Entretanto, os resultados dessa estratégia são conhecidos
— uma industrialização que se exauriu nos anos 1980, sem completar a transição
para uma economia competitiva e produtiva, e uma estrutura marcada por
distorções, crises cambiais recorrentes, hiperinflação e uma crise fiscal
crônica (que ainda nos persegue). O protecionismo, longe de nos proteger,
ajudou a nos isolar e a comprometer a nossa inserção nas cadeias globais de
valor.
Ao imporem tarifas de importação tão elevadas, os Estados
Unidos violam, antes de tudo, a própria liberdade econômica. Medidas do tipo
encarecem produtos, reduzem a diversidade de consumo, afetam negativamente a
produtividade e, ironicamente, comprometem o bem-estar dos próprios cidadãos.

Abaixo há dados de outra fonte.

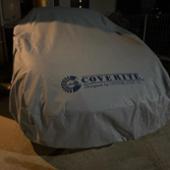 COVERITE  Premium Prestige 5層構造ボディーカバー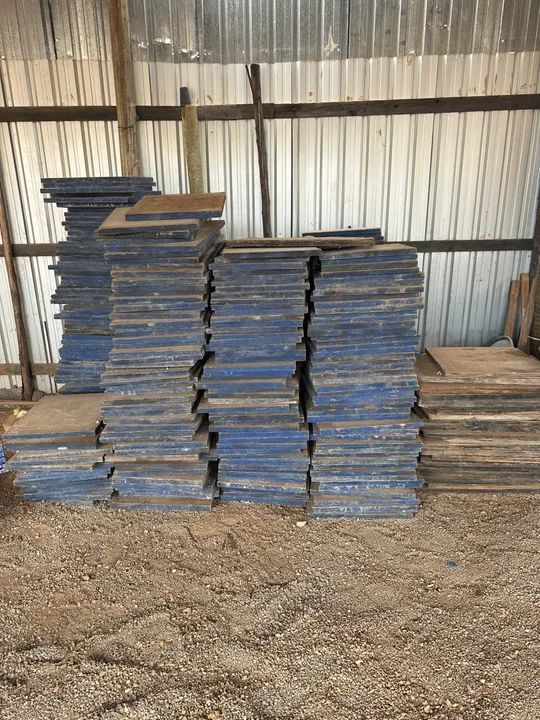 Oportunidade Única - Fábrica de blocos e pavers montada pronta para funcionar  - Foto 5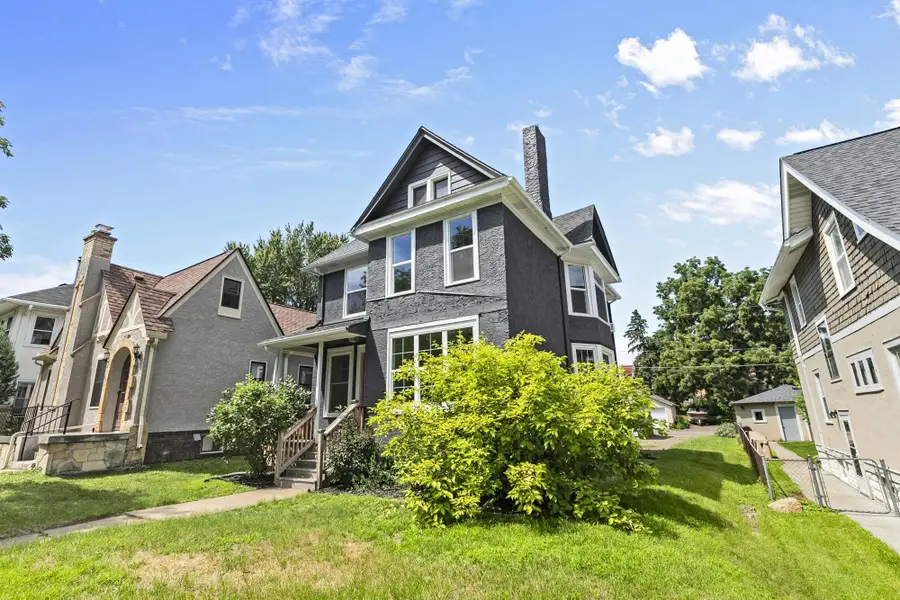 1323 Lincoln Avenue, Saint Paul, MN 55105 - #2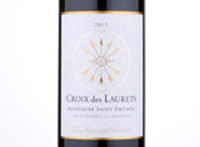 Croix des Laurets,2015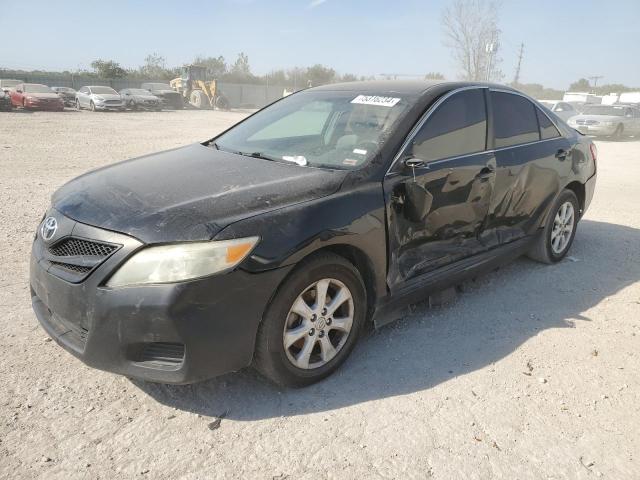 toyota camry base 2011 4t4bf3ek3br110413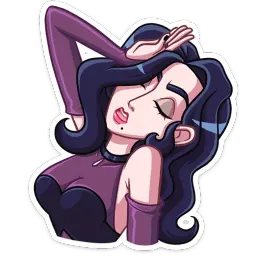 Лавиния sticker 12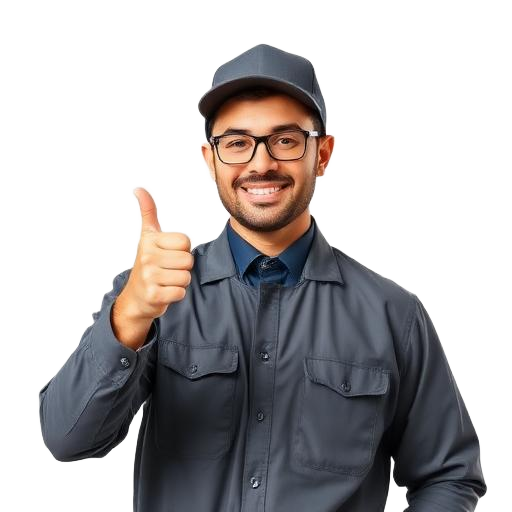 Manually verified businesses
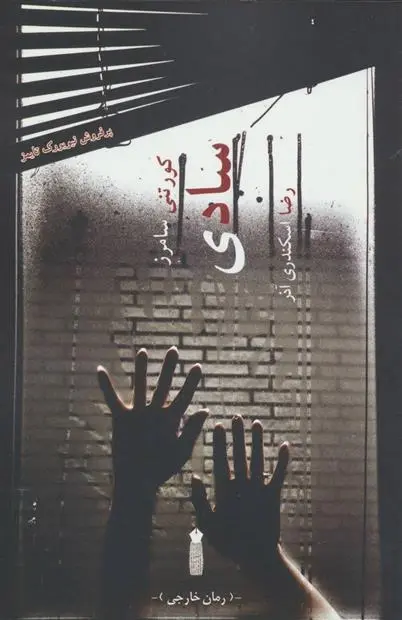 دانلود pdf کتاب سادی کورتنی سامرز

Se vistas como estratégia de negociação para forçar uma abertura mútua no médio
prazo, ainda nos permitem discutir seus méritos táticos. No entanto, enquanto
política permanente, são economicamente contraproducentes e moralmente
indefensáveis.
Do lado brasileiro, a resposta não deveria ser uma
retaliação imediata — o famoso olho por olho comercial. Deveria, sim, ser uma
oportunidade para olharmos no espelho. O Brasil é, atualmente, um dos países
mais fechados ao comércio internacional. Nossa economia segue pouco integrada,
com baixa produtividade média e renda per capita estagnada há mais de quatro
décadas — com exceção de algumas ilhas de produtividade industrial e do
Agronegócio, nosso único setor com real competitividade internacional.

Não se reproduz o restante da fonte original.